GATUNGA, Kenya — L’épisode de sécheresse dont souffre le Kenya depuis quelques années a secoué les systèmes alimentaires ruraux. Japheth Nthiga, 51 ans et père de cinq enfants, est un agriculteur du village de Karethani, au centre du pays. En cette période difficile, il est malgré tout parvenu à trouver du réconfort.

Il a en effet converti certaines de ses terres en bassins d’élevage. Le reste de son exploitation est consacré à l’élevage et aux cultures vivrières (haricots mungo, sorgho, millet et maïs), mais c’est la partie liquide de son lopin qui le fait sourire depuis 2013.

« Les poissons que j’élève ici sont pour la consommation locale. Je gagne aussi un bon salaire lorsque je vends mes prises au marché. Je ne suis pas inquiet si mes récoltes sont mauvaises », explique le producteur, qui élève des tilapias et des poissons-chats.

Japheth Nthiga raises tilapia and catfish in fish ponds on his farm in central Kenya. Image by David Njagi for Mongabay.
Japheth Nthiga élève des tilapias et des poissons-chats dans des bassins dans sa ferme au centre du Kenya. Image de David Njagi pour Mongabay.

Le sentiment d’accomplissement de Japheth Nthiga n’est pas dur à comprendre. Son village, qui se trouve à environ 150 km de la lisière de la forêt du mont Kenya, a été frappé par des sécheresses prolongées et répétées pendant la quasi-totalité de la dernière décennie.

Pour s’en sortir lors de ces épisodes, les fermiers, en particulier ceux des communautés en amont, ont intensifié leur recours aux engrais chimiques pour booster leurs récoltes. Selon Venter Mwongera, responsable de la communication et de la promotion pour l’organisation à but non lucratif African Biodiversity Network, la conséquence est une pollution des rivières et un appauvrissement des sols.

Ainsi, les systèmes alimentaires ruraux sont confrontés à la menace du déclin des récoltes, dit-elle.

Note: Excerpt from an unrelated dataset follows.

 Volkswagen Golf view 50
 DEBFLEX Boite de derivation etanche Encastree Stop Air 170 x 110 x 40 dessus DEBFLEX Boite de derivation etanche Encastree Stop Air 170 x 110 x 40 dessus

« Les produits agrochimiques empoisonnent les systèmes alimentaires de l’Afrique, mais peu d’agriculteurs se rendent compte qu’ils importent ce problème de continents plus riches. Adopter l’agroécologie pour assurer la souveraineté alimentaire est la dernière ligne de défense du continent contre cette menace », affirme-t-elle.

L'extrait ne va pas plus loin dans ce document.